A solid-state, low-voltage, non-linear nano-capacitor is described comprising a self-organized monolayer between two electrodes. The monolayer comprises an electron donor and electron acceptor separated by a conjugated bridge.

Description

FIELD OF THE INVENTION

This invention relates in general to the field of solid-state capacitors, and more particularly, to high dielectric, non-linear nano-capacitors. A capacitor is an energy storage device that stores an applied electrical charge for a period of time, then discharges it. It is charged by applying a voltage across two electrodes and discharged by shorting the two electrodes. A voltage is maintained until discharge even when the charging source is removed. A capacitor blocks the flow of direct current and permits the flow of alternating current. The energy density of a capacitor is usually less than for a battery, but the power output of a capacitor is usually higher than for a battery. Capacitors are used for various purposes including timing, power supply smoothing, coupling, filtering, tuning and energy storage. Batteries and capacitors are often used in tandem such as in a camera with a flash. The battery charges the capacitor that then provides the high power needed for a flash. The same idea works in electric and hybrid vehicles where batteries provide energy and capacitors provide power for starting and acceleration.

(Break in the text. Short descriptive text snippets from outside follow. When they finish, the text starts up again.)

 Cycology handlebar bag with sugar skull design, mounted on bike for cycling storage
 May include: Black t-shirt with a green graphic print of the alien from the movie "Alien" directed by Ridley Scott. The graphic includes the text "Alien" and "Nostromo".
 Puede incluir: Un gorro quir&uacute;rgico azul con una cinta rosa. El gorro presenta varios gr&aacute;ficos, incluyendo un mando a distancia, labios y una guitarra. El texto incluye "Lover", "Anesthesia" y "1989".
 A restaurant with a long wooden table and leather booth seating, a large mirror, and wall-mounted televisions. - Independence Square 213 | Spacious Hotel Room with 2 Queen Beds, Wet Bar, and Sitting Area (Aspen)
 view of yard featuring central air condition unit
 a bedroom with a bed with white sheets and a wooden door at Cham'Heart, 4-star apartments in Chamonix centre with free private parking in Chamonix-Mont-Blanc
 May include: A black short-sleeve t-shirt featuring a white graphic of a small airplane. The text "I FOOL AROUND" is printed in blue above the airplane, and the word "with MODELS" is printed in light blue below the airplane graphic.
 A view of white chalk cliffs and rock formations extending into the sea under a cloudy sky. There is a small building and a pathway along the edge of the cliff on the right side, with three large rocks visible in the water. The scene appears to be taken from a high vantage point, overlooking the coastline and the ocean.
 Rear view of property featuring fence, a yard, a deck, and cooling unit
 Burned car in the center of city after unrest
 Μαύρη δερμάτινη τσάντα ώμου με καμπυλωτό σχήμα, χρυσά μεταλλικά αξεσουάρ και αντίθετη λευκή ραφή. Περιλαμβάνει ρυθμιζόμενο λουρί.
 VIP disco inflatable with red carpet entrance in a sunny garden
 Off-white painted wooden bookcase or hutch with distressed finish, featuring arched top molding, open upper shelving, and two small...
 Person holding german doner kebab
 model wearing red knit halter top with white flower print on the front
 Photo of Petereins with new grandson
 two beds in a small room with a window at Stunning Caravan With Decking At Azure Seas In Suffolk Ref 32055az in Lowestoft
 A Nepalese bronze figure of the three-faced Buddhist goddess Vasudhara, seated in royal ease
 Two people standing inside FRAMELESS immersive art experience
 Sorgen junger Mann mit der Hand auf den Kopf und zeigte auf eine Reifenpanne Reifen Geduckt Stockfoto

Two main types of capacitors are non-electrolytic and electrolytic. A non-electrolytic capacitor is non-polarized and can be connected either way in a circuit and often consists of two conductors such as parallel metal plates that are insulated from one another with a dielectric. An electrolytic capacitor is polarized and must be connected to the circuit in a specific way.

An electrochemical capacitor, also known as an electrochemical double-layer capacitor, supercapacitor or ultracapacitor, consists of high surface area electrodes separated by an ionically conductive electrolyte. The surface area of an electrode, often porous carbon, is on the order of 1000 m²/g. Most of the surface of the electrode cannot be accessed mechanically, but can be accessed by a liquid electrolyte. The energy density of an electrochemical capacitor is higher than that of traditional non-electrolytic and electrolytic capacitors, but still lower than that of a battery. Conversely, the power output of an electrochemical capacitor is lower than that of traditional non-electrolytic and electrolytic capacitors, but higher than that of a battery. Moreover, an electrochemical capacitor discharges slower than traditional non-electrolytic and electrolytic capacitors.

A need exists to improve the energy density of capacitors while maintaining the existing power output. There exists a further need to provide a capacitor featuring a high dielectric constant sustainable to high frequencies where the capacitance is voltage dependent. Such a capacitor is the subject of the present invention. The capacitor of the present invention builds on past work on nanotechnology, self-assembled monolayers and non-linear optical chromophores.

In high frequency applications, it is often important that the capacitors used do not have high dielectric losses. In the case of ferroelectric ceramic capacitors with a high dielectric constant, the presence of domain boundaries and electrostriction provide loss mechanisms that are significant. In contrast, the high dielectric mechanism disclosed in this invention involves the movement of an electron in a long molecule and its fixed donor. This occurs extremely rapidly so that losses even at gigahertz frequencies are small.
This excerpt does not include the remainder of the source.